Written by Toby Wolpe, Contributor
AtScale's Design Center software is meant to allow, say, a competent Tableau user to paint measures and dimensions on top of raw files in Hadoop.
Image: AtScale

After a year-long beta project, startup AtScale has today emerged from stealth mode to launch a product it describes as a business user interface for Hadoop.

The San Mateo, California-based company, founded by staff who worked at Yahoo during the early days of Hadoop, has unveiled its Intelligence Platform, an application designed to sit between firms' existing business-intelligence tools and data in Hadoop.

AtScale founder and CEO David Mariani said users have generally already made their choices and are happy with tools such as Tableau and Microsoft Excel, which is why his company opted against focusing on the visualisation layer.

AtScale CEO David Mariani: End users can talk straight to the data in Hadoop.
Image: AtScale

"Enterprises already have too many business-intelligence tools. If anything, they're trying to make them go away and consolidate them down to a handful. One of our customers had 100 BI tools - so we're not going to add another," he said.
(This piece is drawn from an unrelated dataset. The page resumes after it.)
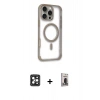 MARSİLYAN™- iPhone 16 Pro Max Kılıf Eksen Klasik Koleksiyonu - Siyah Bilvis Hayalet Cam Ekran Koruyucu + PVD Metal Kamera Lens - SH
"But we are going to make those tools work and we're going to allow the data guys and IT to take the legacy data infrastructures that have been so complex and so hard to maintain and to scale, and replace them with Hadoop."

According to AtScale, the application makes Hadoop appear to business users as a multi-dimensional OLAP cube, in which data is already classed into dimensions, measures and hierarchies to speed up queries.

"To the end user it all looks and works just like it used to against their proprietary cubes, when in actuality they're talking straight to the data in Hadoop through AtScale," Mariani said.

The subscription-based software is installed on a client or gateway node on a Hadoop cluster, rather than on the cluster itself and does not require either a separate cluster, dataset or set of servers to manage the cube.

Part of the company's approach has been to avoid creating client software and drivers, because of the cost and complexity that imposes on enterprises.

"The key thing here is that we are very much leveraging the Hadoop ecosystem, including all the various SQL-on-Hadoop engines - like Impala, Spark and Spark SQL, Hive on Tez, Presto and Drill," Mariani said.

"We provide a cube interface - a dynamic cube, so not a physical entity - that users interact with using their visualisation tools. What our software does is talk to Hadoop through those SQL-on-Hadoop engines and delivers really OLAP cube-like performance in the interface, which are the measures, dimensions and hierarchies and drill-downs and cross-tabs that users have come to expect.

"The cube is purely dynamic. It's metadata that's defined on top of Hadoop. Once data lands in HDFS, it's queryable and actionable by the upscale platform. So it's a no-data-movement architecture, which is really different to what you're seeing in the marketplace."

Because of that architecture, there are no extraction or load processes. Transformation is conducted inline at query time.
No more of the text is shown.